→ **Assigned task**: Below are records with pictures; copy word for word only the lines between the line with "DKD Home Decor" and the line with "2 Hole Carrier", inclusive, and drop the pictures.

→ **Input records**:
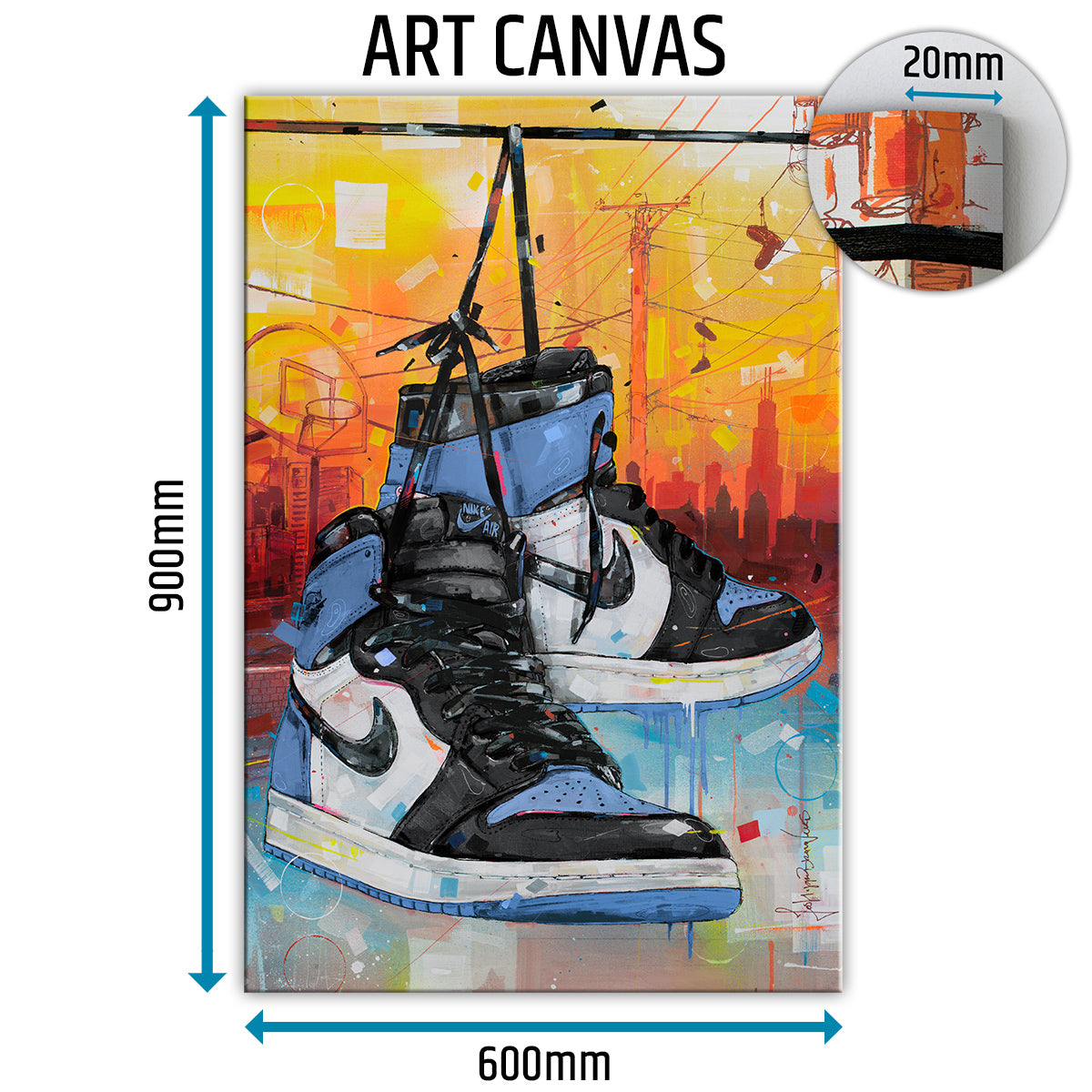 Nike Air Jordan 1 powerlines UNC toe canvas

---

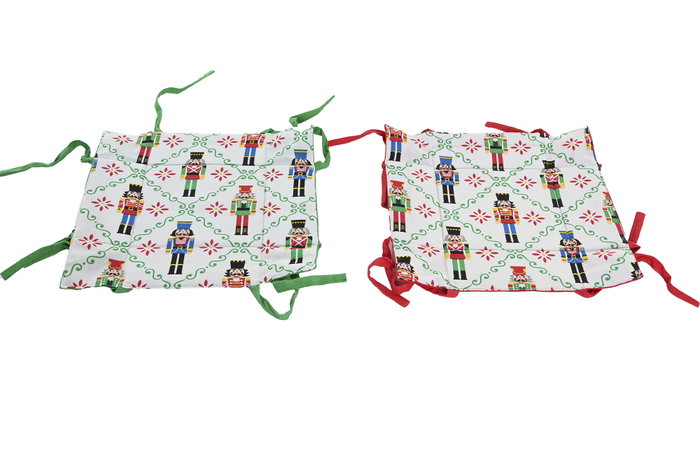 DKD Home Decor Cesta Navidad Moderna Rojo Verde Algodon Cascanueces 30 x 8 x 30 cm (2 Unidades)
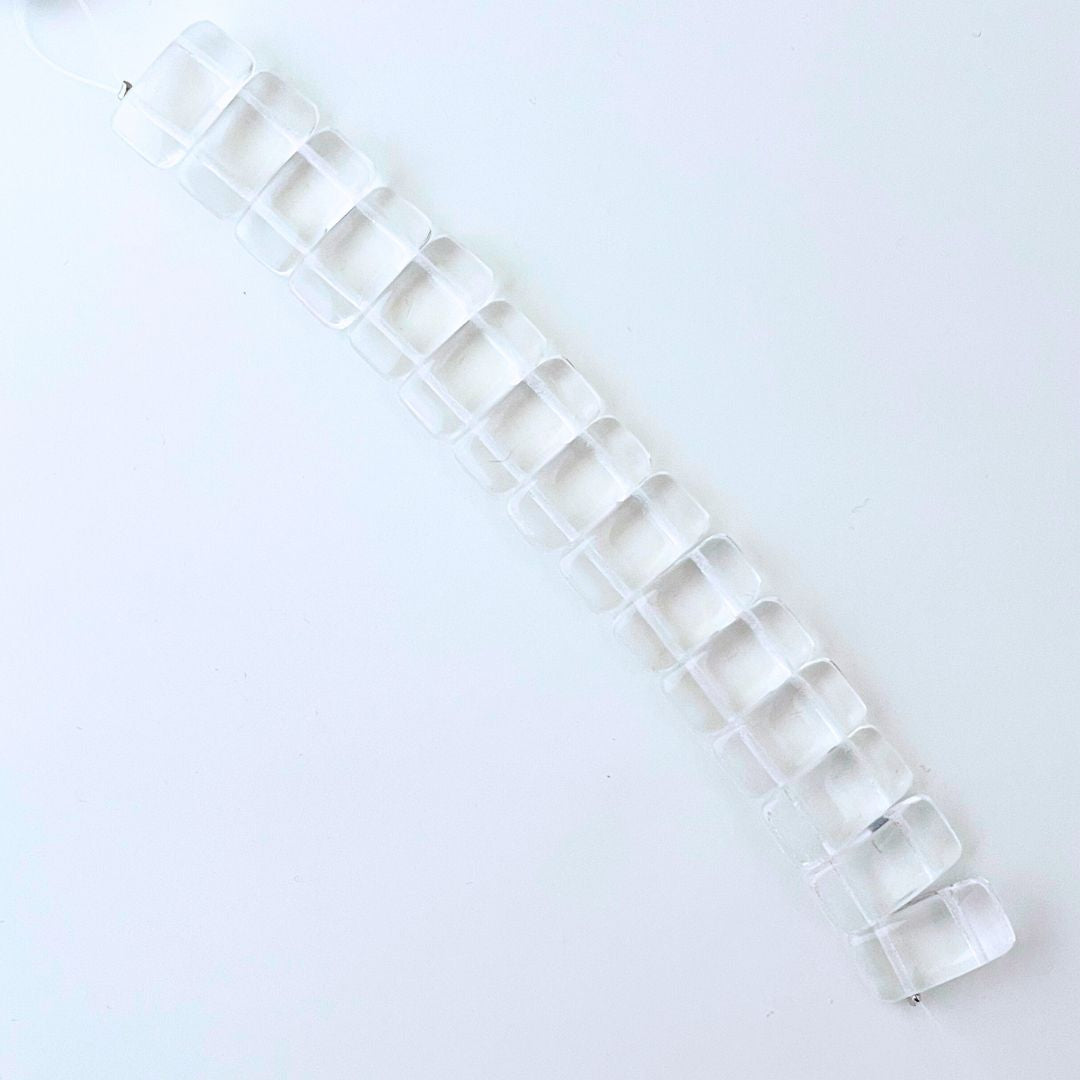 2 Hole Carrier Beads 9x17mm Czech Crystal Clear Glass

→ **Task response**:
 DKD Home Decor Cesta Navidad Moderna Rojo Verde Algodon Cascanueces 30 x 8 x 30 cm (2 Unidades)
 2 Hole Carrier Beads 9x17mm Czech Crystal Clear Glass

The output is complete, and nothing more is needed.